▸ AIM OF THE EXERCISE
Lines to return, exactly: from the line with "Lot Of 3 Antique" to the line with "Buttermilk Embroidery Felt" in the entries below, both included.

*** GIVEN INFORMATION Section Begins ***

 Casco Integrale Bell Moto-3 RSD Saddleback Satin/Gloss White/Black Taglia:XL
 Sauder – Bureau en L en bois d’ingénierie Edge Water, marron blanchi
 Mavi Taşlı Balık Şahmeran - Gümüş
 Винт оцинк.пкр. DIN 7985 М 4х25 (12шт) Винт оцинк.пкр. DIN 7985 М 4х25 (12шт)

*** GIVEN INFORMATION Section Ends ***
*** GIVEN INFORMATION Section Begins ***

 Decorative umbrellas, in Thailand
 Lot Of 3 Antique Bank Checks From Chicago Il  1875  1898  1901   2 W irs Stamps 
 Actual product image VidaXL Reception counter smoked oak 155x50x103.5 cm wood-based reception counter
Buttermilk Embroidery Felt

*** GIVEN INFORMATION Section Ends ***
*** GIVEN INFORMATION Section Begins ***

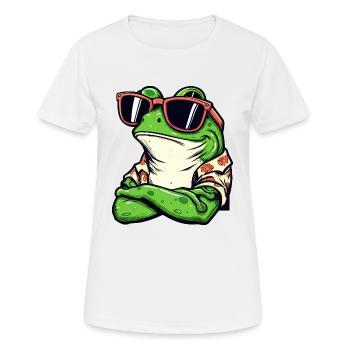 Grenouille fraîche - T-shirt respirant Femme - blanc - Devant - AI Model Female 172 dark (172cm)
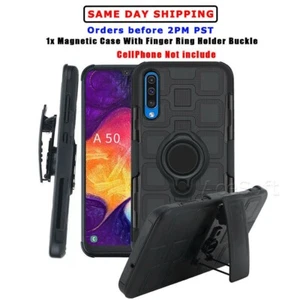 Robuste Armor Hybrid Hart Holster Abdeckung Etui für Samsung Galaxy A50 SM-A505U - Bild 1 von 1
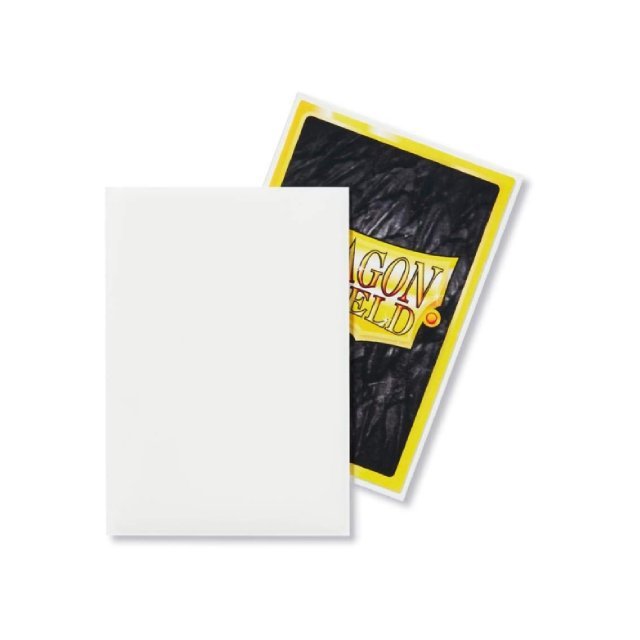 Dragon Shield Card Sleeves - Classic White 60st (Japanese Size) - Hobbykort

*** GIVEN INFORMATION Section Ends ***

▸ ANSWER BOX
 Lot Of 3 Antique Bank Checks From Chicago Il  1875  1898  1901   2 W irs Stamps 
 Actual product image VidaXL Reception counter smoked oak 155x50x103.5 cm wood-based reception counter
Buttermilk Embroidery Felt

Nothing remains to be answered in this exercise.